The analogy of thin lenses and resistors

Forumulas for thin lenses

$$\frac{1}{g}+\frac{1}{b}=\frac{1}{f}$$ $$b+g=d$$

($g$ is the distance object-lense. $b$ is the distance image-lense. $f$ is the focal width. $d$ is the distance object-image.)

Formulas for Resistors

$$\frac{1}{R_1}+\frac{1}{R_2}=\frac{1}{R_{\text{parallel}}}$$ $$R_1+R_2=R_{\text{series}}$$

Because the mathematics of both are abstractly equal, mathematical solutions to equal problems apply equally to both.

Example of equal problem

Find two resistances such that their total parallel resistance and their total series resistance has given values!

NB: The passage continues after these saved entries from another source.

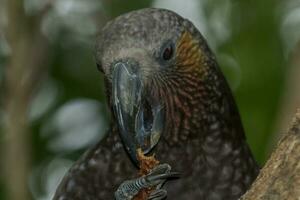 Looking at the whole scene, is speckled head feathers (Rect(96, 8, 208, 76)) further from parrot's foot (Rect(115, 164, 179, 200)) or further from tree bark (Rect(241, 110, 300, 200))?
tree bark (Rect(241, 110, 300, 200))

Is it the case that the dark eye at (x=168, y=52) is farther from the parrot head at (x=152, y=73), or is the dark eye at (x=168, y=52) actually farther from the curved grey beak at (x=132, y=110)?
the curved grey beak at (x=132, y=110)

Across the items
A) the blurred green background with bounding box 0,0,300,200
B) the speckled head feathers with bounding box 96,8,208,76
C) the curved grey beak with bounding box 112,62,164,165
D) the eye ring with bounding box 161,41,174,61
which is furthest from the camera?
the blurred green background with bounding box 0,0,300,200

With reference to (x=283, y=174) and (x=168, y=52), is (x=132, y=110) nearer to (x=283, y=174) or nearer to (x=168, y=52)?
(x=168, y=52)

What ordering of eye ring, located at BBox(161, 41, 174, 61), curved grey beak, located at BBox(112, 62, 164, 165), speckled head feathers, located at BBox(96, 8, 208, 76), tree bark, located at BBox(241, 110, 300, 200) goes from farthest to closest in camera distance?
eye ring, located at BBox(161, 41, 174, 61) → speckled head feathers, located at BBox(96, 8, 208, 76) → curved grey beak, located at BBox(112, 62, 164, 165) → tree bark, located at BBox(241, 110, 300, 200)

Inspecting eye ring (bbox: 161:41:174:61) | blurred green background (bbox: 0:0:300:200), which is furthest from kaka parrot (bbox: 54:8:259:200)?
blurred green background (bbox: 0:0:300:200)

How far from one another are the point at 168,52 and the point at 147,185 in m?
0.64

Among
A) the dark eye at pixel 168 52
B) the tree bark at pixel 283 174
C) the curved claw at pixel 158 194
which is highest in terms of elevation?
the dark eye at pixel 168 52

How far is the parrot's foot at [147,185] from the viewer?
4.38 m

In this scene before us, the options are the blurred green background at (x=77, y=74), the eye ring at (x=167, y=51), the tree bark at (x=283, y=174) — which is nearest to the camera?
the tree bark at (x=283, y=174)

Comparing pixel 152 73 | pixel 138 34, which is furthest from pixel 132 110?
pixel 138 34

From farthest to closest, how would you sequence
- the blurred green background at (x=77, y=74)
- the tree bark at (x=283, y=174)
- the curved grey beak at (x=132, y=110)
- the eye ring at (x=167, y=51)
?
the blurred green background at (x=77, y=74) → the eye ring at (x=167, y=51) → the curved grey beak at (x=132, y=110) → the tree bark at (x=283, y=174)

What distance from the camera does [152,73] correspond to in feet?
14.9

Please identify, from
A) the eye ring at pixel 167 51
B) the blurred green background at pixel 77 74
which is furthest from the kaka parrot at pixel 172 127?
the blurred green background at pixel 77 74

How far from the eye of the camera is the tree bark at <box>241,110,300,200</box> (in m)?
3.47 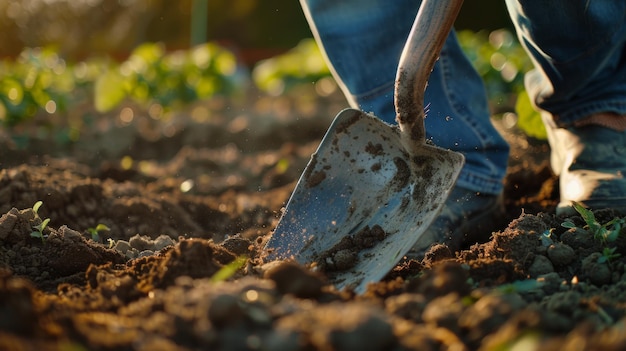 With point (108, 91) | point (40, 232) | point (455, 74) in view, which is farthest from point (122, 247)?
point (108, 91)

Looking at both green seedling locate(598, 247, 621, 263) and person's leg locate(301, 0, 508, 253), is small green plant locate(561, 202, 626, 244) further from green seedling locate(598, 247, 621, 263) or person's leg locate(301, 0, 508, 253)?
person's leg locate(301, 0, 508, 253)

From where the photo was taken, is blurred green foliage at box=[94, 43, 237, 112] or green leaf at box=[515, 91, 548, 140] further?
blurred green foliage at box=[94, 43, 237, 112]

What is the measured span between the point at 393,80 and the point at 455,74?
0.22 metres

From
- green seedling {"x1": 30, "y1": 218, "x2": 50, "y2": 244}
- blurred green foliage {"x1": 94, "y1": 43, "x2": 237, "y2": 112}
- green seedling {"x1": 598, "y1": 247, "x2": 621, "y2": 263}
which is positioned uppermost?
blurred green foliage {"x1": 94, "y1": 43, "x2": 237, "y2": 112}

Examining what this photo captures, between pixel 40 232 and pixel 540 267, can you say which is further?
pixel 40 232

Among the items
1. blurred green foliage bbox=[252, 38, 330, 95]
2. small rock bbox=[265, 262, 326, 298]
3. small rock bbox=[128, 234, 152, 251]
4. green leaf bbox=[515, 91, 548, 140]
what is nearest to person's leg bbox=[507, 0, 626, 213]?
green leaf bbox=[515, 91, 548, 140]

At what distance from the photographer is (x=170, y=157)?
5.13 meters

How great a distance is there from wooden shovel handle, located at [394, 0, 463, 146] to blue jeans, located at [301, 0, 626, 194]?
0.53 m

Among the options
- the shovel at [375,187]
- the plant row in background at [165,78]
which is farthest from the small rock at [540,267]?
the plant row in background at [165,78]

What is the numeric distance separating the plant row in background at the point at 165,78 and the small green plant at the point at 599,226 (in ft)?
7.80

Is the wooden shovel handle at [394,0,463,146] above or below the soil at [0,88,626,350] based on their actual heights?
above

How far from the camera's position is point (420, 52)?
1.82 meters

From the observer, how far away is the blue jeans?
235 cm

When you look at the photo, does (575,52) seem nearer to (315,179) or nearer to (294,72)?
(315,179) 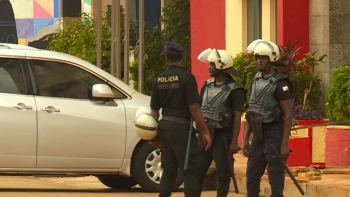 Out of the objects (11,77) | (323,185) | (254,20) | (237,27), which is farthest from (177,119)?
(237,27)

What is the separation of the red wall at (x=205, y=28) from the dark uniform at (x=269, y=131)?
10379 mm

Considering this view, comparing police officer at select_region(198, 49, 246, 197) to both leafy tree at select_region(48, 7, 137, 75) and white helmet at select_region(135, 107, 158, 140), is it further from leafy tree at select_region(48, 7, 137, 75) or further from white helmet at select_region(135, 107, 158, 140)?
leafy tree at select_region(48, 7, 137, 75)

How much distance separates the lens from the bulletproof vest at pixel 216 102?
10406mm

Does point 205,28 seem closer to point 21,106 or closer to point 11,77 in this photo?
point 11,77

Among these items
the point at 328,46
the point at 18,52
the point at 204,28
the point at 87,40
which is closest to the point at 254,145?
the point at 18,52

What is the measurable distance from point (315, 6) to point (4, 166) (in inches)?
278

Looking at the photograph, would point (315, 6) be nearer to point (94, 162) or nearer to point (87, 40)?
point (94, 162)

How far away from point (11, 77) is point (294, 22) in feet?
20.9

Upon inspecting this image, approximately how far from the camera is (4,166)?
12.6 metres

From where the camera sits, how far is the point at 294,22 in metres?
17.7

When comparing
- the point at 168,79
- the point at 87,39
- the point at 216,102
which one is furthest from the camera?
the point at 87,39

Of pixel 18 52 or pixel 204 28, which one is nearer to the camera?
pixel 18 52

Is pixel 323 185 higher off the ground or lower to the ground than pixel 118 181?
higher

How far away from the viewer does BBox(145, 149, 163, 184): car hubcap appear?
1303cm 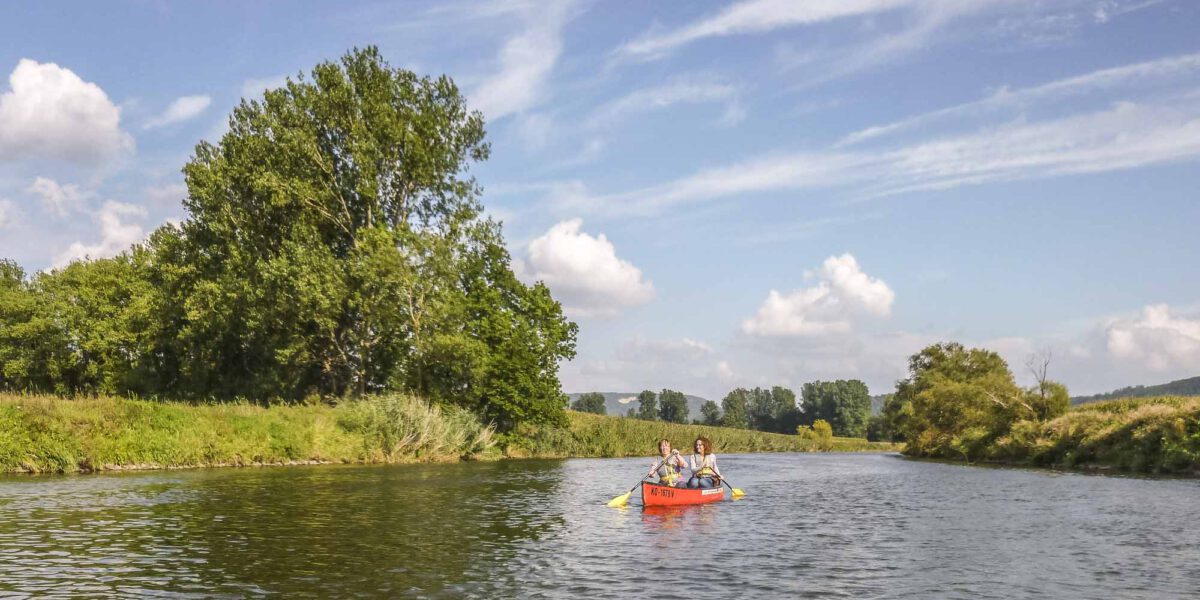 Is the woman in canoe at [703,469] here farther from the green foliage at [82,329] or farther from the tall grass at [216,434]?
the green foliage at [82,329]

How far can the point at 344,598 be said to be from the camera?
1282 centimetres

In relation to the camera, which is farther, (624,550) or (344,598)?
(624,550)

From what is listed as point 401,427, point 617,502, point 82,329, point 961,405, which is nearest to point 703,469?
point 617,502

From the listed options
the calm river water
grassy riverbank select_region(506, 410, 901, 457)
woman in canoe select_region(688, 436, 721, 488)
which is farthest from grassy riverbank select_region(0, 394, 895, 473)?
woman in canoe select_region(688, 436, 721, 488)

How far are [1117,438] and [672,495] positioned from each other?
3183 centimetres

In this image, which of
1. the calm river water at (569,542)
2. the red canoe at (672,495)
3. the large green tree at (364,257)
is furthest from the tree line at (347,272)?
the red canoe at (672,495)

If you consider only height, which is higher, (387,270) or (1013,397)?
(387,270)

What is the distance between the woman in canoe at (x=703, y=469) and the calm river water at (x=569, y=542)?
1147mm

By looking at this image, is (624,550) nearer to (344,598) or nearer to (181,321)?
(344,598)

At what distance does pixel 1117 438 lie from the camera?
4609 centimetres

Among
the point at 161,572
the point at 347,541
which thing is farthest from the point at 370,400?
the point at 161,572

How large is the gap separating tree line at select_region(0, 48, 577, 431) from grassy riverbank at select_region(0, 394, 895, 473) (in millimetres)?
4950

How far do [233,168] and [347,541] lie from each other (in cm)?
4486

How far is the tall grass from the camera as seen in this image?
114 feet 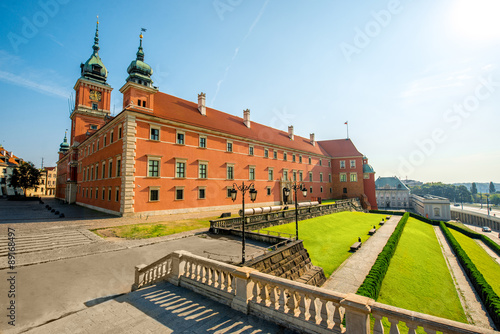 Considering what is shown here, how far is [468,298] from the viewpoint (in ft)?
45.9

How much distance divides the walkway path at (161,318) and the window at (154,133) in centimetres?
1992

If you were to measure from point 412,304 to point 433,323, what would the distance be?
10.1 meters

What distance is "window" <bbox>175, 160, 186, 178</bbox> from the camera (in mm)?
25758

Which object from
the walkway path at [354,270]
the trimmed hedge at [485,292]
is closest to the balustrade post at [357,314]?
the walkway path at [354,270]

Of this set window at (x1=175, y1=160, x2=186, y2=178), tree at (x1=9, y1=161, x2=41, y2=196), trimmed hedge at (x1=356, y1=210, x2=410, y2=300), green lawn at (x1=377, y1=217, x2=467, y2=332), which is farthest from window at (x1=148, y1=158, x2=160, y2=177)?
tree at (x1=9, y1=161, x2=41, y2=196)

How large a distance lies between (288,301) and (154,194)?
→ 2130 centimetres

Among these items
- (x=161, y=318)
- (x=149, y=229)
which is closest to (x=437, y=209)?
(x=149, y=229)

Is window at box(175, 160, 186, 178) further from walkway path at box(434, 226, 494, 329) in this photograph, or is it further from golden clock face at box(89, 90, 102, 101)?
golden clock face at box(89, 90, 102, 101)

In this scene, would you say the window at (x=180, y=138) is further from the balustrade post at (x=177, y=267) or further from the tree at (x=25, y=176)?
the tree at (x=25, y=176)

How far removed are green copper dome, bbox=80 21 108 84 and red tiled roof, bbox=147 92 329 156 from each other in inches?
972

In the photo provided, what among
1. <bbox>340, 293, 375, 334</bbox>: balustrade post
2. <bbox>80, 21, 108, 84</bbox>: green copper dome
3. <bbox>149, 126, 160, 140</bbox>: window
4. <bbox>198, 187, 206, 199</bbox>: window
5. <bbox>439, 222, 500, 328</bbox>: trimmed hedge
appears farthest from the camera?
<bbox>80, 21, 108, 84</bbox>: green copper dome

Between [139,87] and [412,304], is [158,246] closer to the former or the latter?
[412,304]

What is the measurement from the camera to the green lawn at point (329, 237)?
15.7 meters

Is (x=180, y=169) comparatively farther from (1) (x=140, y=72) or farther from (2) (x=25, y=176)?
(2) (x=25, y=176) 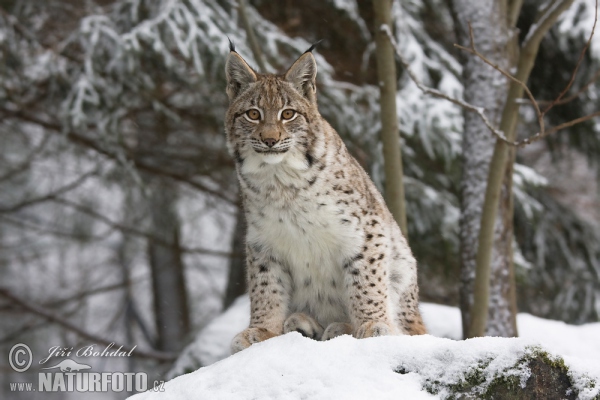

Find the position of a lense between fixed object and visor, such that the image on the the visor is sharp!

The solution to both can be found by solving the abstract system of equations

$$\frac{1}{x}+\frac{1}{y}=\frac{1}{a}$$ $$x+y=b$$

which happens to be transformable to

$$x+y=b$$ $$x\cdot y=a\cdot b=c$$

which happens to have been solved by Vieta already.

Realization

No, all this just hasn't simply happened. It is result of using abstract math.

Side remark

The mathematical solutions to the above problem are equal, but their physical interpretations might not be. Resistances may not be negative, but optical distances may be. Negative distances do not create real images, but if you replace the visor by an eye, you might see the virtual image.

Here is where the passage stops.